Other articles by Marloes L. P. Langelaan on PubMed
Effects of a Combined Mechanical Stimulation Protocol: Value for Skeletal Muscle Tissue Engineering Journal of Biomechanics. May, 2010 | Pubmed ID: 20189177 Skeletal muscle is an appealing topic for tissue engineering because of its variety in applications for regenerative medicine, in vitro physiological model systems, and in vitro meat production. Besides conventional biochemical cues to promote muscle tissue maturation in vitro, biophysical stimuli are necessary to reach the desired functionality and texture of the engineered tissue. Stretch, caused by active movements of the body, is an important factor present in the niche of muscle progenitor cells in vivo. We therefore investigated the effects of uniaxial ramp stretch (2%) followed by uniaxial intermittent dynamic stretch (4%) on C2C12 and murine muscle progenitor cells in a 2D and 3D environment and found that stretch negatively influenced maturation in all cases, demonstrated by decreased expression of MRFs and sarcomere proteins at the RNA level and a delay in the formation of cross striations. We therefore conclude that the current protocol is not recommended for skeletal muscle tissue engineering purposes.
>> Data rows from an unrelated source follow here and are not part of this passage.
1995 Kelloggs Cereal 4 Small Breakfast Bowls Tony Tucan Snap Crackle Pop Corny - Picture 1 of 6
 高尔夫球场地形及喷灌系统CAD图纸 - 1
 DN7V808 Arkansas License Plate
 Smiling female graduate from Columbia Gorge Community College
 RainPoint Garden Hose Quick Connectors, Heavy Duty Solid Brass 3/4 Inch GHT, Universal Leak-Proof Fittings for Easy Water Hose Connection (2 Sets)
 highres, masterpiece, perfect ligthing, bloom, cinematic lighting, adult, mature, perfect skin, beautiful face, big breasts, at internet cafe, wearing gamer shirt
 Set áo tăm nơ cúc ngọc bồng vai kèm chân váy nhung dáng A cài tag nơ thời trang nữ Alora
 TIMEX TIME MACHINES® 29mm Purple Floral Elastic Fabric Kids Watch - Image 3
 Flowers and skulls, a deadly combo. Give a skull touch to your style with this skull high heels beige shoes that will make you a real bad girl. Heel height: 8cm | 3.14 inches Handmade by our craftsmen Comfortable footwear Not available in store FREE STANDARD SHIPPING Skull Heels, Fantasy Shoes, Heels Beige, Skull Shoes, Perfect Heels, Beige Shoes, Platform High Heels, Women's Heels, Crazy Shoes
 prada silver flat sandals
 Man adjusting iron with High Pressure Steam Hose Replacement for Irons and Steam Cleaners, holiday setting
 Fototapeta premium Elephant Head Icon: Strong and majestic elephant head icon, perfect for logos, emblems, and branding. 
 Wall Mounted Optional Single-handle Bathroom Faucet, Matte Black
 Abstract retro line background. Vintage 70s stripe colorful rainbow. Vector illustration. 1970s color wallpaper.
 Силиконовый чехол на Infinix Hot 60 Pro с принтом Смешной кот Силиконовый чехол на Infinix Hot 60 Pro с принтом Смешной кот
Advanced Maturation by Electrical Stimulation: Differences in Response Between C2C12 and Primary Muscle Progenitor Cells Journal of Tissue Engineering and Regenerative Medicine. Jul, 2011 | Pubmed ID: 21695794 Skeletal muscle tissue engineering still does not result in the desired functional properties and texture as preferred for regenerative medicine and meat production applications. Electrical stimulation has been appropriately used as a tool to advance muscle cell maturation in vitro, thereby simulating nerve stimulation, as part of the muscle cell niche in vivo. We first investigated the effects of electrical stimulation protocols in two-dimensional (2D) monolayers of C2C12 and translated these protocols to a three-dimensional (3D) model system, based on a collagen type I/Matrigel(â„¢) hydrogel. More importantly, we addressed the ongoing debate of the translation of results found in cell lines (C2C12) to a primary cell source [muscle progenitor cells (MPCs)] in our 3D system. Striking differences in maturation level were found between the different cell sources. Constructs with MPCs were much more mature than C2C12 constructs, based on developed cross-striations and expression levels of mature myosin heavy chain (MHC) isoforms. Overall, electrical stimulation, when optimally timed, accelerated sarcomere assembly in both 2D and 3D. In addition, MPC constructs were more susceptible to the electrical stimulus, resulting in a shift of MHC expression to slower isoforms.